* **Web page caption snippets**

>>>

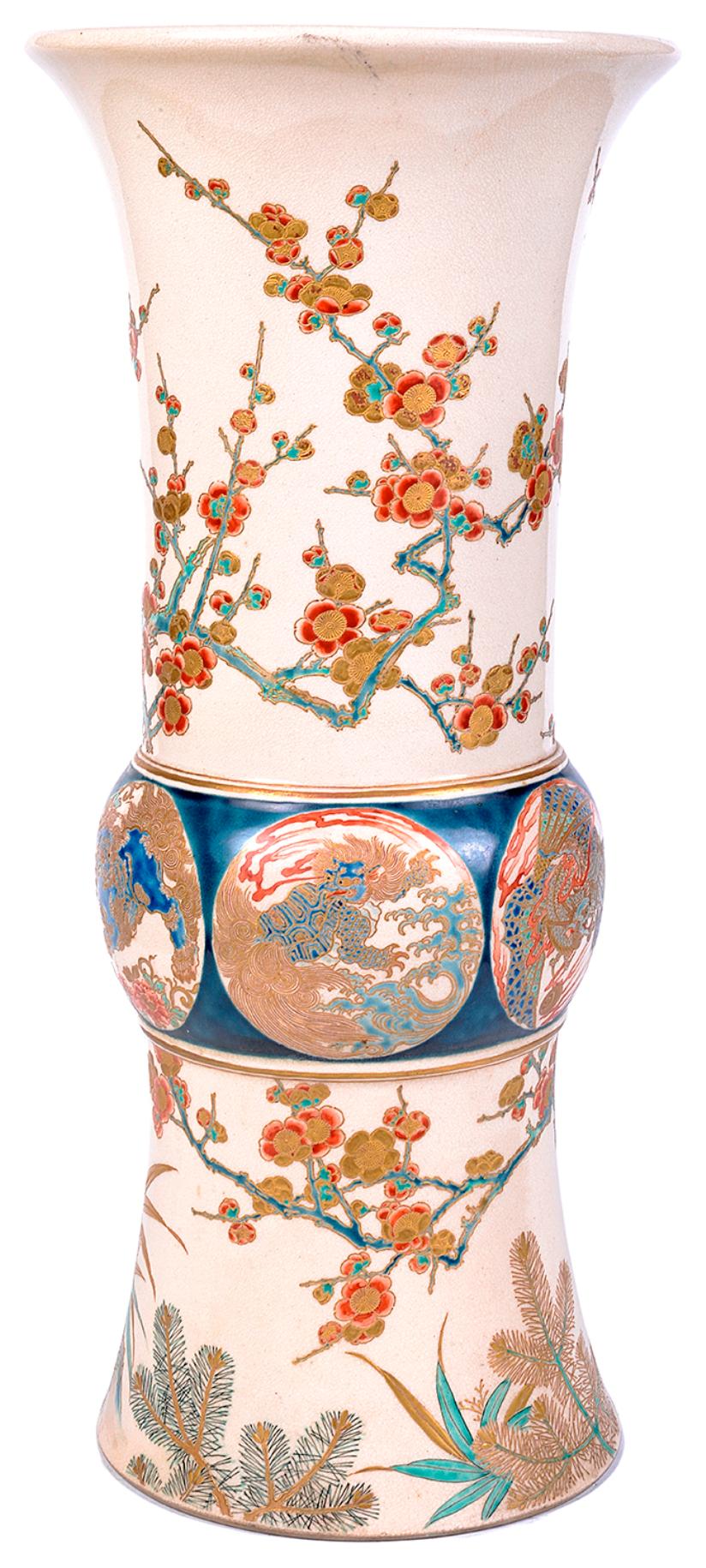 Vaso Satsuma giapponese del XIX secolo di buona qualità, con influenze imperiali, fondo blu scuro, decorazione di alberi in fiore sul collo svasato, pannelli circolari dipinti al centro raffiguranti draghi mitici. Firmato alla base.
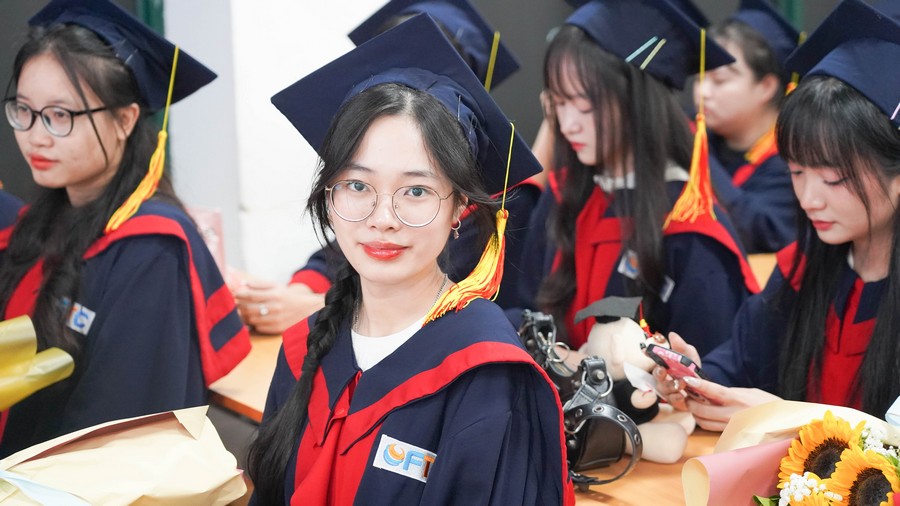 lễ bế giảng và trao bằng tốt nghiệp cho sinh viên K21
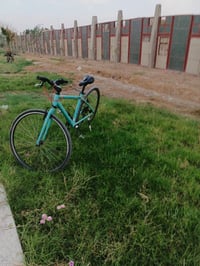 بايسكل رياضي معاصر ولونه أزرق فاتح، في حالة جيدة ومناسب للرحلات اليومي...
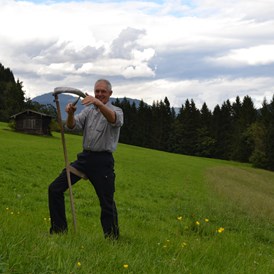 Ferien Bauernhof: Hans beim Sense schleifen - Schloif Troadkastn
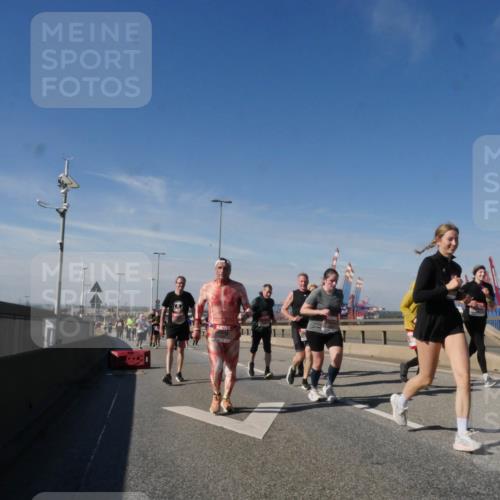 03.10.2025 - Köhlbrandbrückenlauf Matties Gatica Varas http://msf.ph/oto/8999647 03.10.2025 12:52:34 Position 2  meine-sportfotos.de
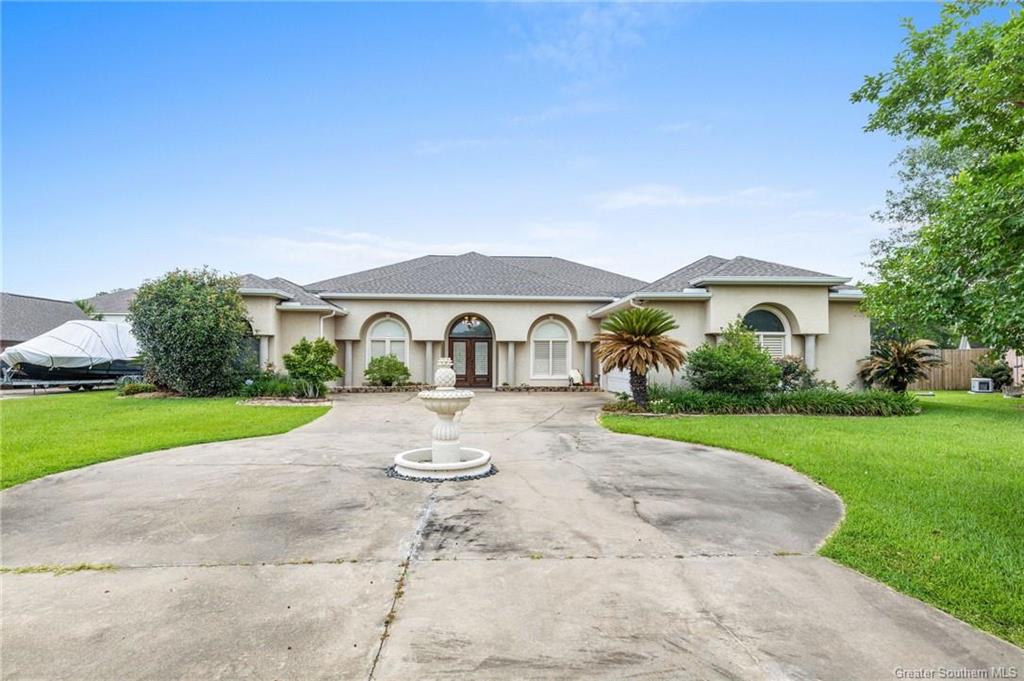 Lake Charles, Louisiana, 70605, United States, 4 Bedrooms Bedrooms, ,3 BathroomsBathrooms,Residential,For Sale,1977417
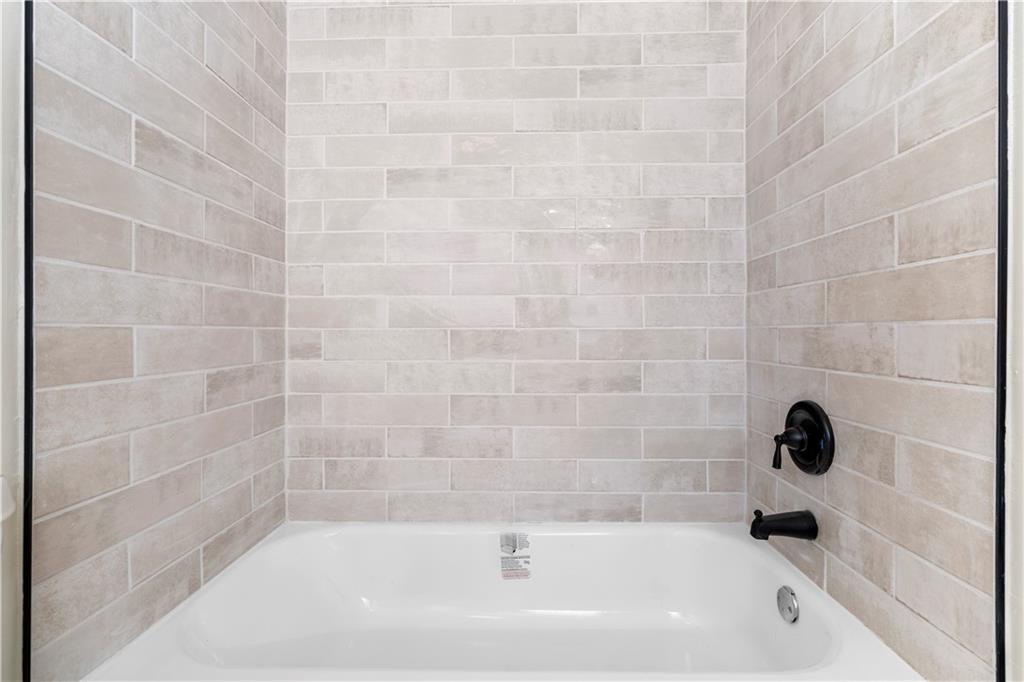 16 Barnesdale Way NE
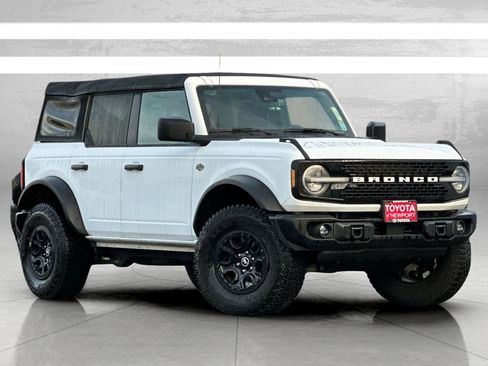 Used 2023 Ford Bronco Wildtrak image 2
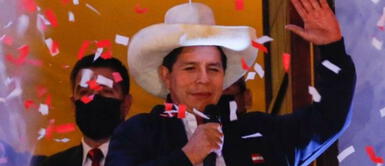 Pedro Castillo asume la presidencia del Perú y juró por una nueva constitución Pedro Castillo asume la presidencia del Perú y juró por una nueva constitución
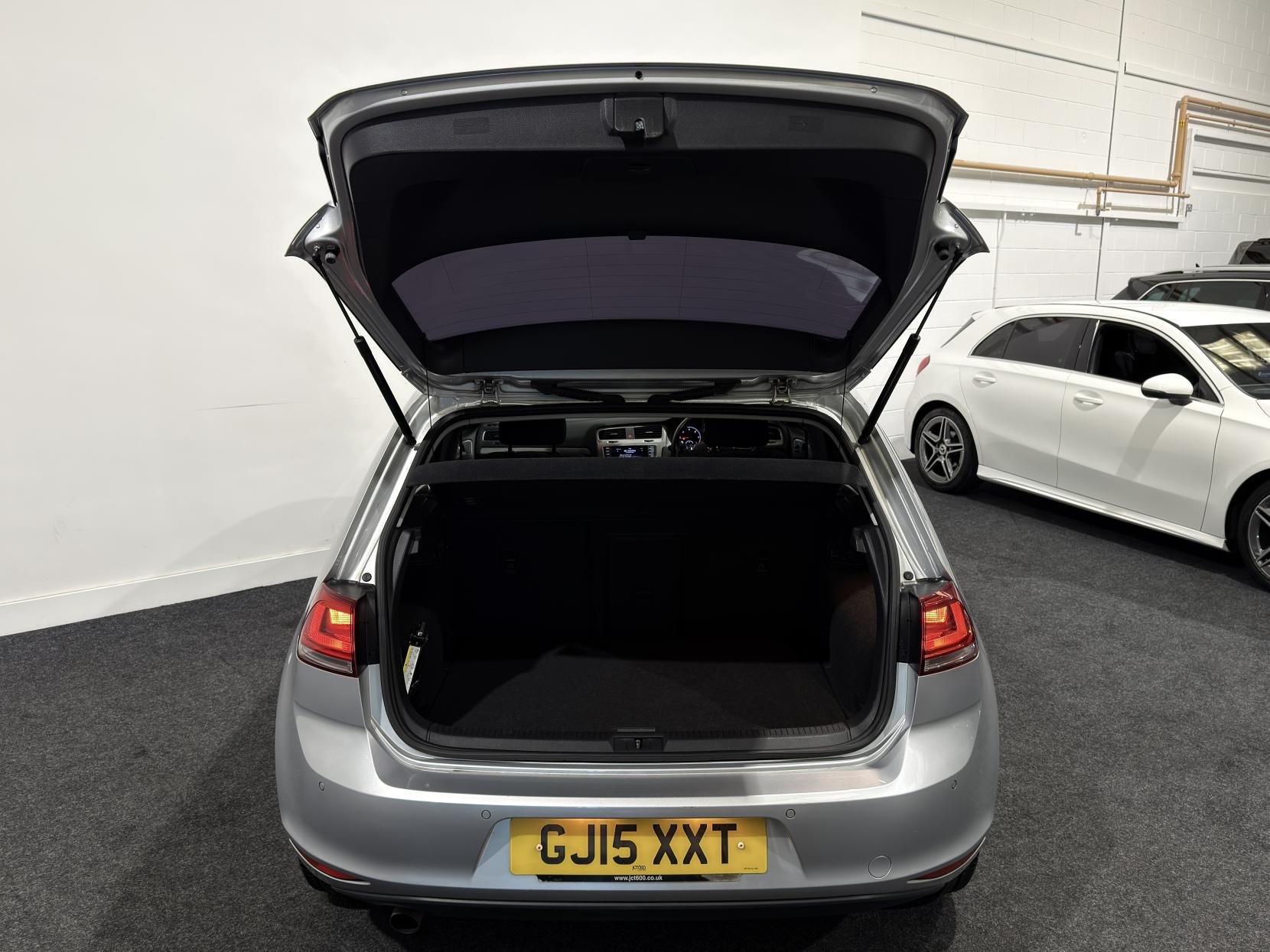 Volkswagen Golf 1.6 TDI BlueMotion Tech Match Hatchback 5dr Diesel Manual Euro 5 (s/s) (105 ps)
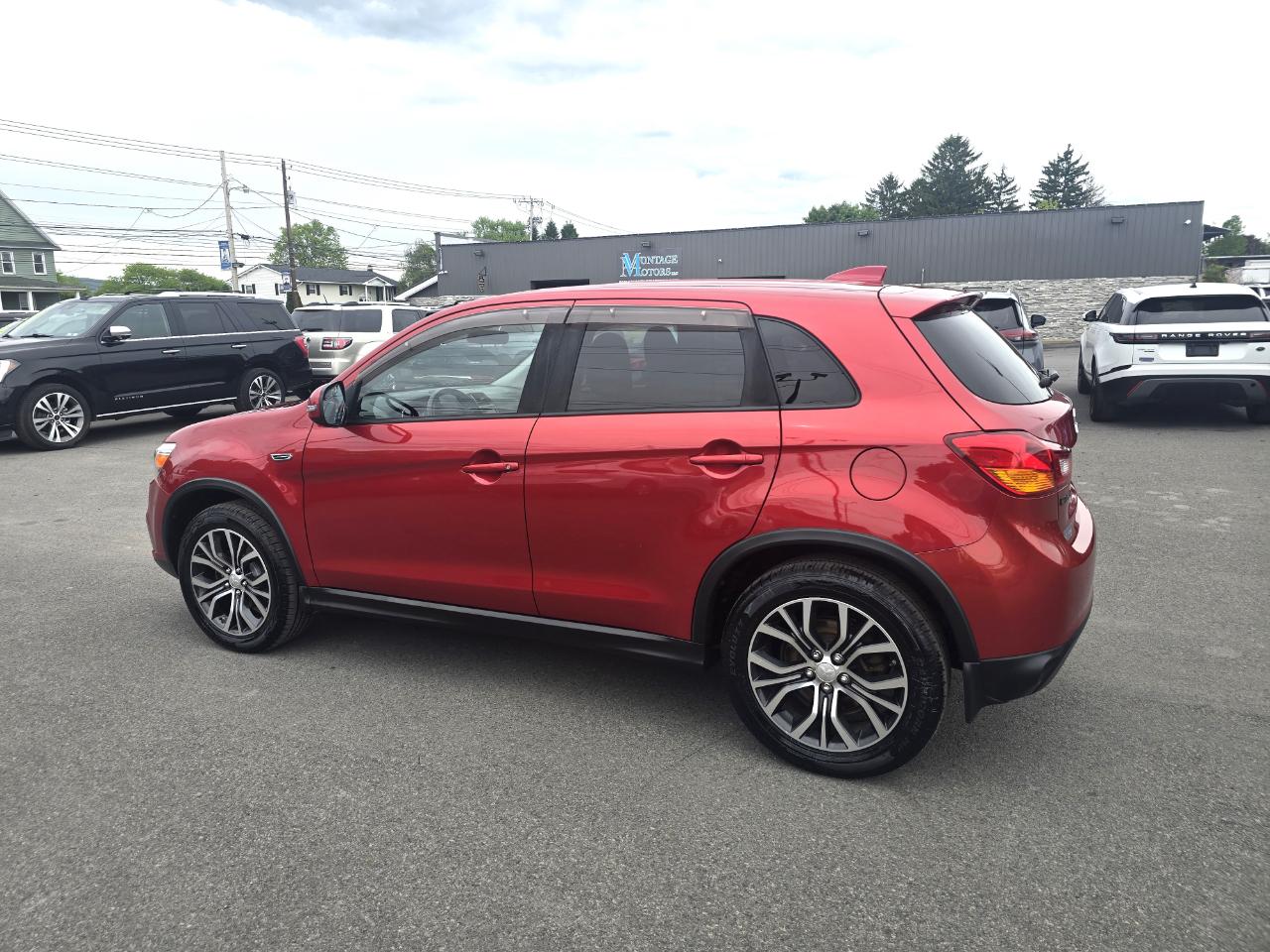 Mitsubishi Outlander Sport ES 2.0 AWC 2017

<<<

* **YOUR INSTRUCTIONS**
Output every entry word for word, but omit the pictures.

* **REPLY**
 Vaso Satsuma giapponese del XIX secolo di buona qualità, con influenze imperiali, fondo blu scuro, decorazione di alberi in fiore sul collo svasato, pannelli circolari dipinti al centro raffiguranti draghi mitici. Firmato alla base.
 lễ bế giảng và trao bằng tốt nghiệp cho sinh viên K21
 بايسكل رياضي معاصر ولونه أزرق فاتح، في حالة جيدة ومناسب للرحلات اليومي...
 Ferien Bauernhof: Hans beim Sense schleifen - Schloif Troadkastn
 03.10.2025 - Köhlbrandbrückenlauf Matties Gatica Varas http://msf.ph/oto/8999647 03.10.2025 12:52:34 Position 2  meine-sportfotos.de
 Lake Charles, Louisiana, 70605, United States, 4 Bedrooms Bedrooms, ,3 BathroomsBathrooms,Residential,For Sale,1977417
 16 Barnesdale Way NE
 Used 2023 Ford Bronco Wildtrak image 2
 Pedro Castillo asume la presidencia del Perú y juró por una nueva constitución Pedro Castillo asume la presidencia del Perú y juró por una nueva constitución
 Volkswagen Golf 1.6 TDI BlueMotion Tech Match Hatchback 5dr Diesel Manual Euro 5 (s/s) (105 ps)
 Mitsubishi Outlander Sport ES 2.0 AWC 2017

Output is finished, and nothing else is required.